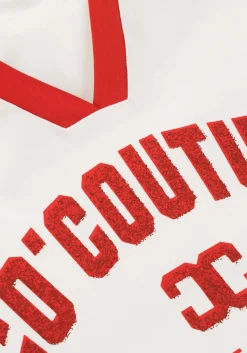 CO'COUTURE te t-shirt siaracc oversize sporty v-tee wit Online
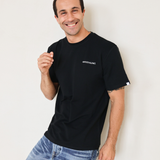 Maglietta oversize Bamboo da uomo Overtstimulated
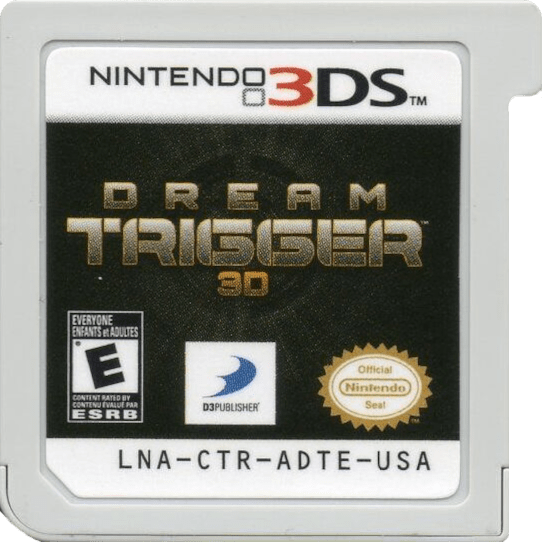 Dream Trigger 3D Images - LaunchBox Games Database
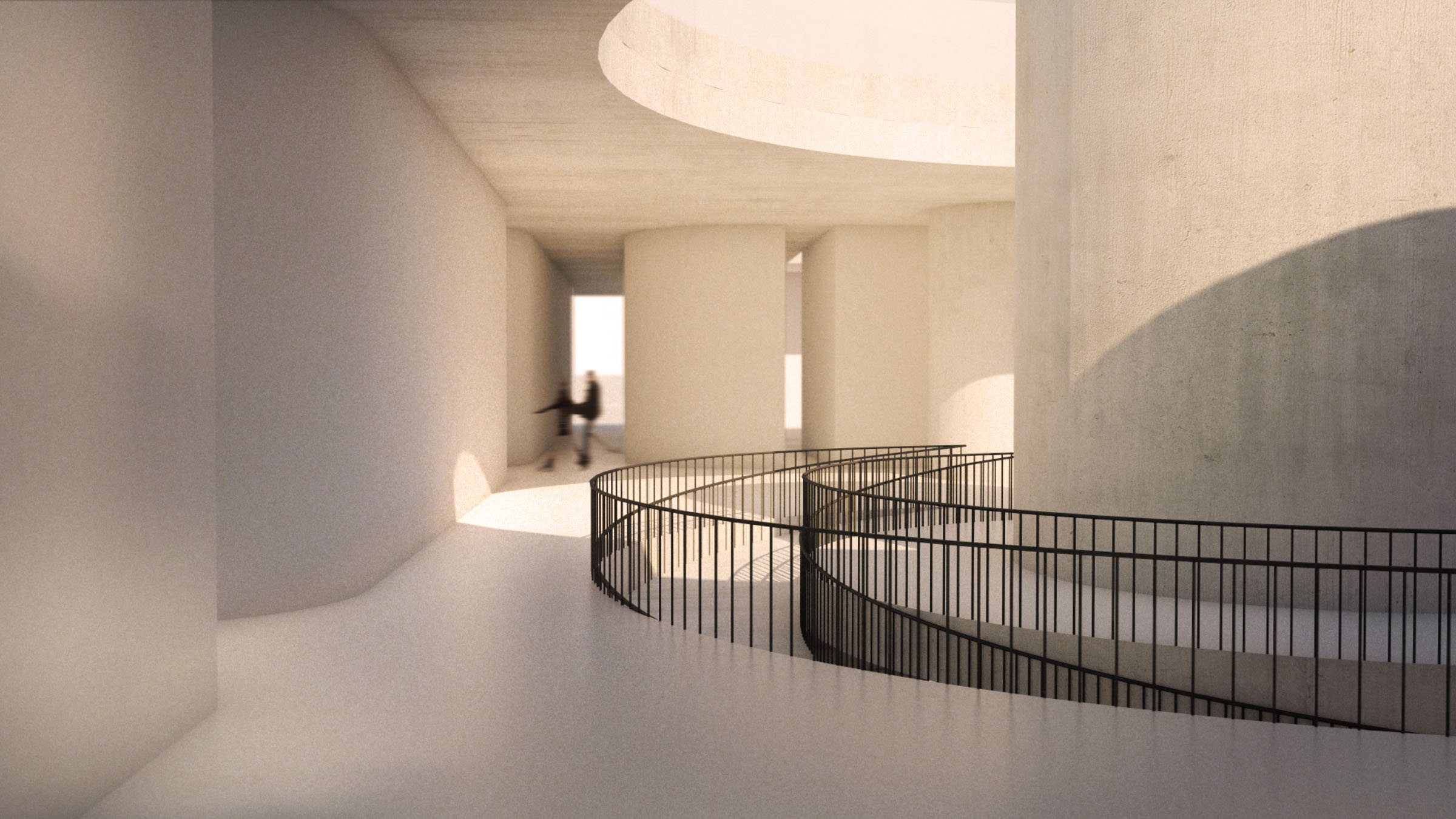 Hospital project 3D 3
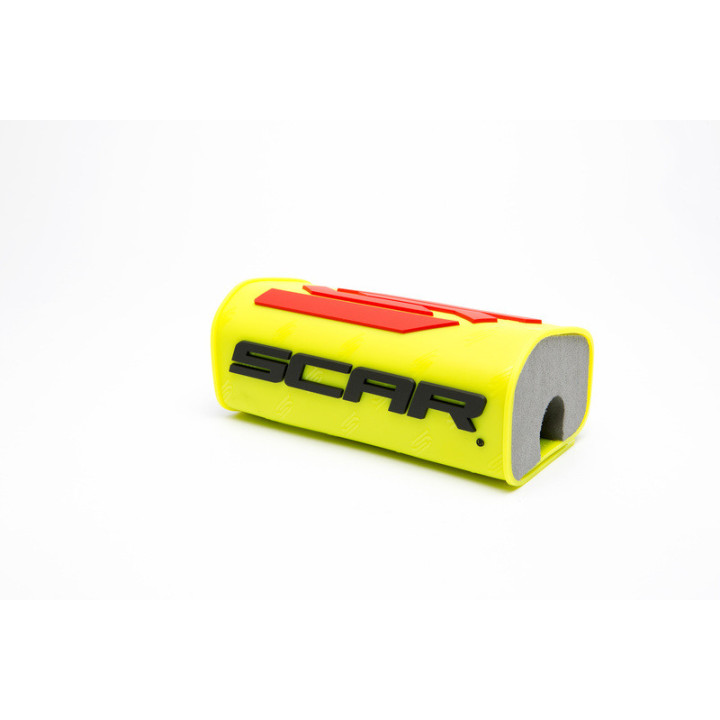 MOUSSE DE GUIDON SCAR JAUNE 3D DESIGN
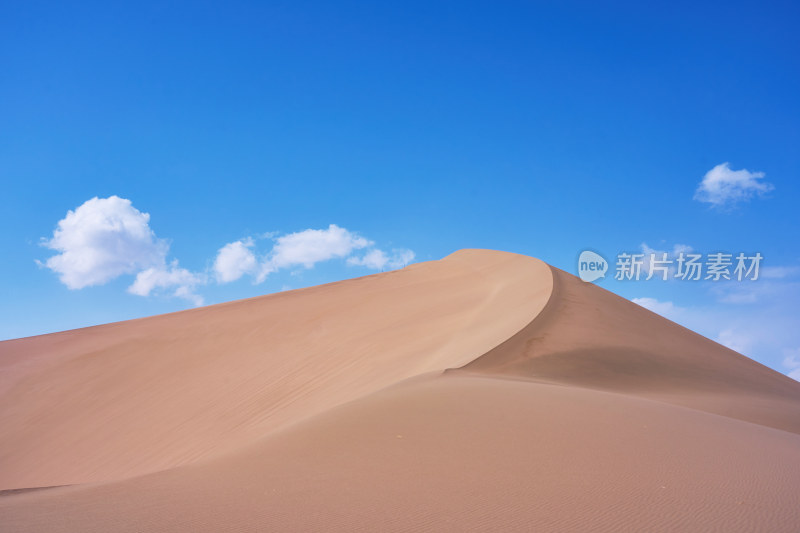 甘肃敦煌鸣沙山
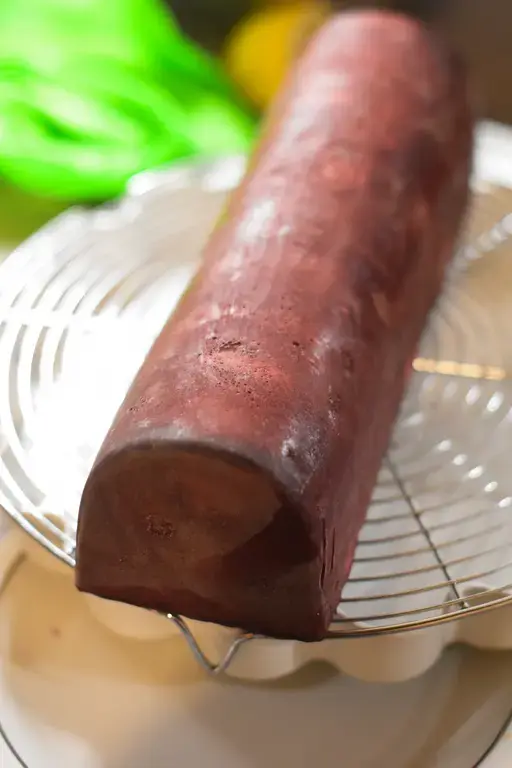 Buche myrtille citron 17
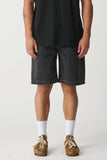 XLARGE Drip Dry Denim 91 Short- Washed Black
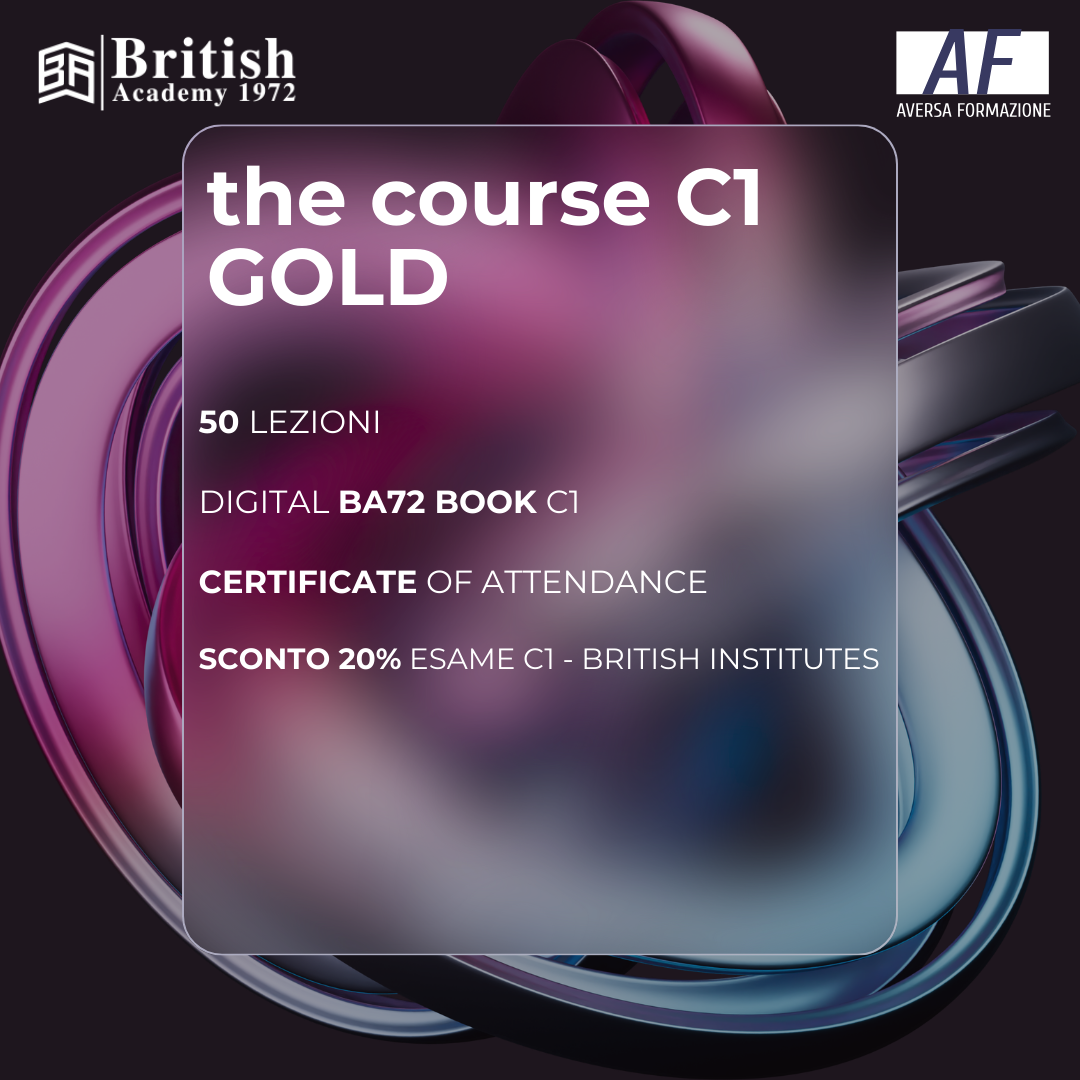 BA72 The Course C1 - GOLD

...

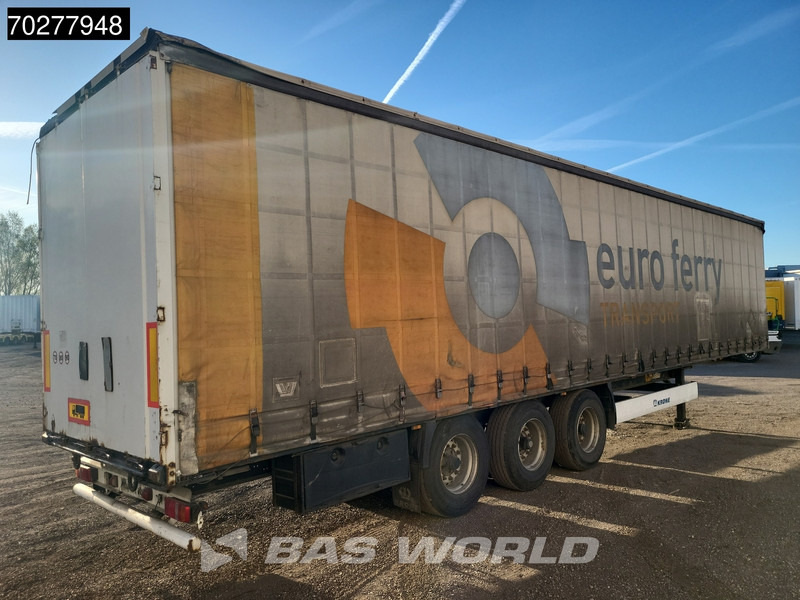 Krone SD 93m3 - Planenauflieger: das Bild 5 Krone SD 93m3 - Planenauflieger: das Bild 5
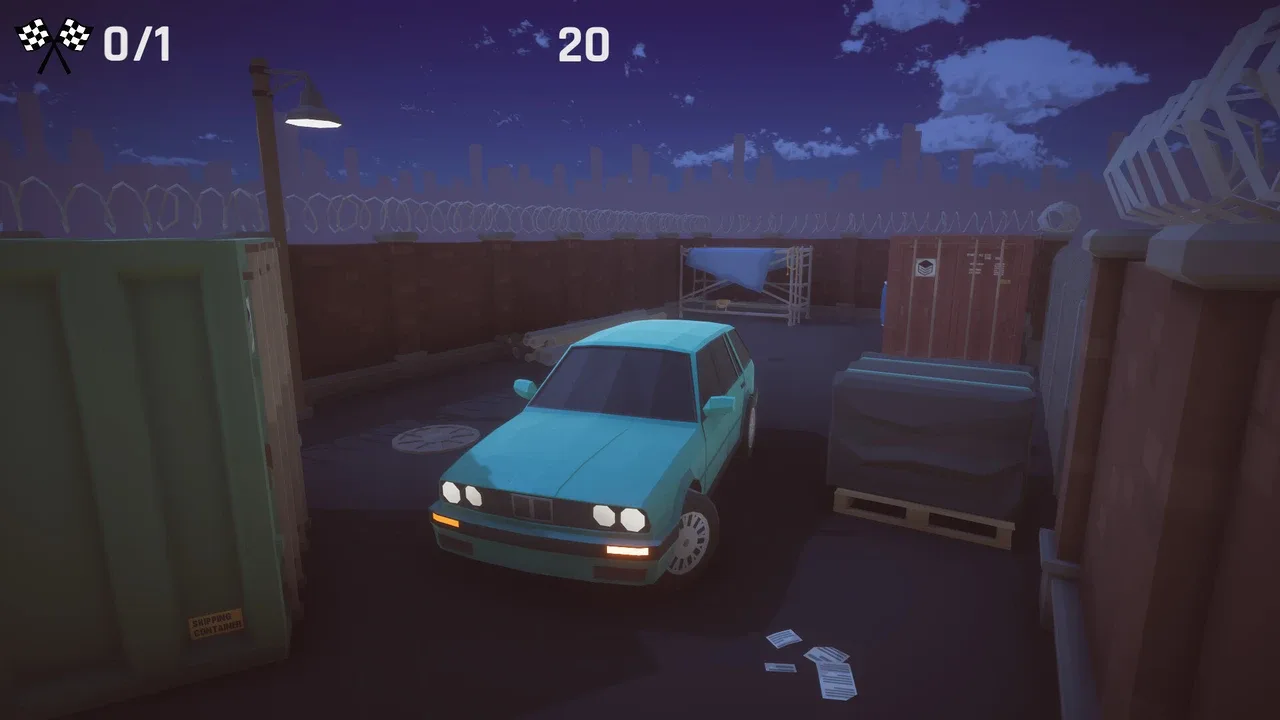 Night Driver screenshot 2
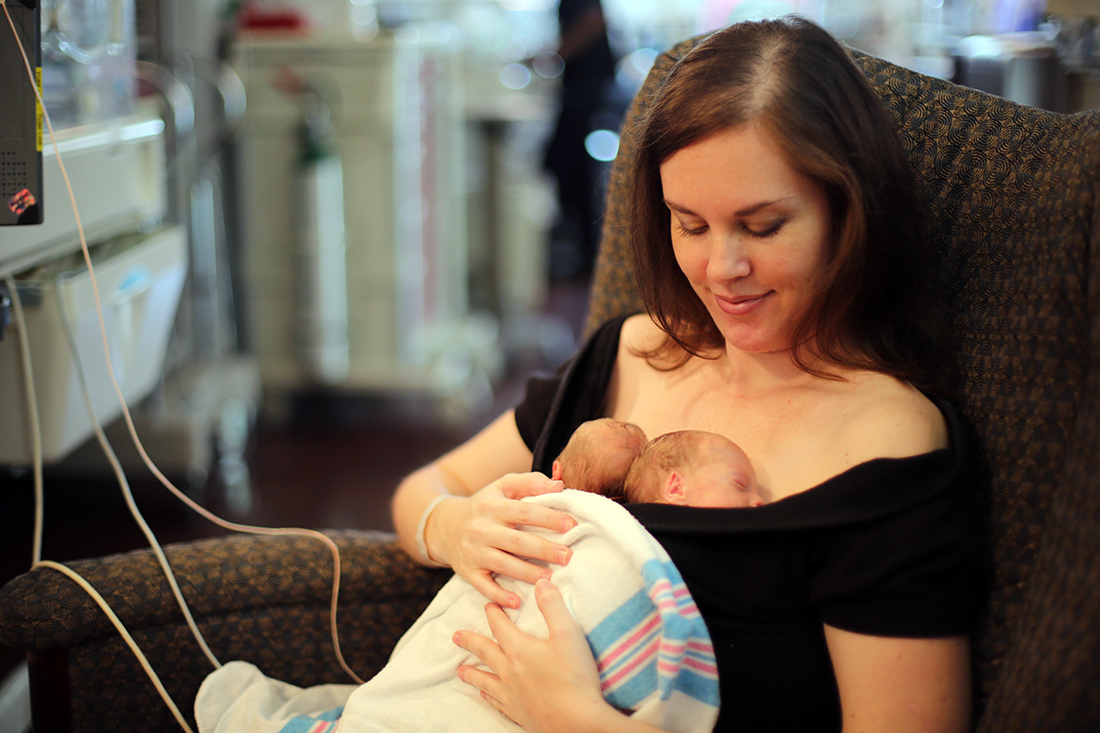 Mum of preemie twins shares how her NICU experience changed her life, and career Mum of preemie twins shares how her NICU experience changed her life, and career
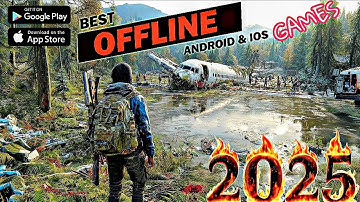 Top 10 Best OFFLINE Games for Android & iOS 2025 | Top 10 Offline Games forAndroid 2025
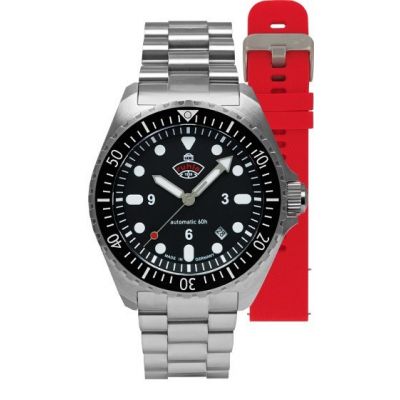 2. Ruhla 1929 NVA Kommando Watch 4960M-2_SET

...

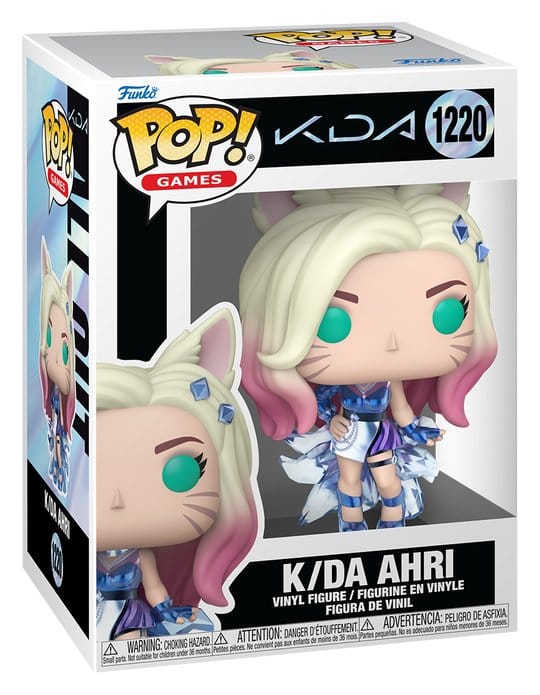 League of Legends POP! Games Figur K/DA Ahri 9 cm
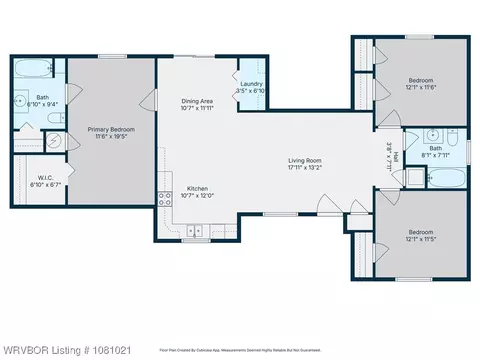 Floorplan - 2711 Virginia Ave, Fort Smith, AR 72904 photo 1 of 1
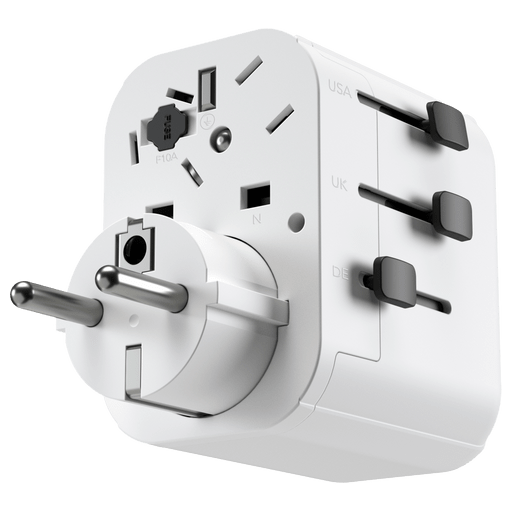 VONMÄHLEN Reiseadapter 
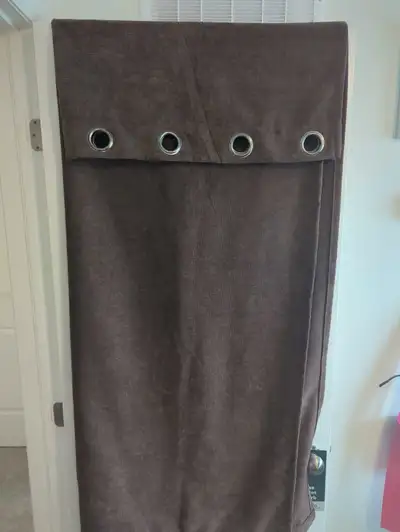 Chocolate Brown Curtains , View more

### WORK ITEM
Look through the material above. Transcribe exactly the lines between the ones with "CO'COUTURE te t-shirt" and "BA72 The Course C1 - GOLD", inclusive, and keep pictures out.

### ANSWER SPACE
 CO'COUTURE te t-shirt siaracc oversize sporty v-tee wit Online
 Maglietta oversize Bamboo da uomo Overtstimulated
 Dream Trigger 3D Images - LaunchBox Games Database
 Hospital project 3D 3
 MOUSSE DE GUIDON SCAR JAUNE 3D DESIGN
 甘肃敦煌鸣沙山
 Buche myrtille citron 17
 XLARGE Drip Dry Denim 91 Short- Washed Black
 BA72 The Course C1 - GOLD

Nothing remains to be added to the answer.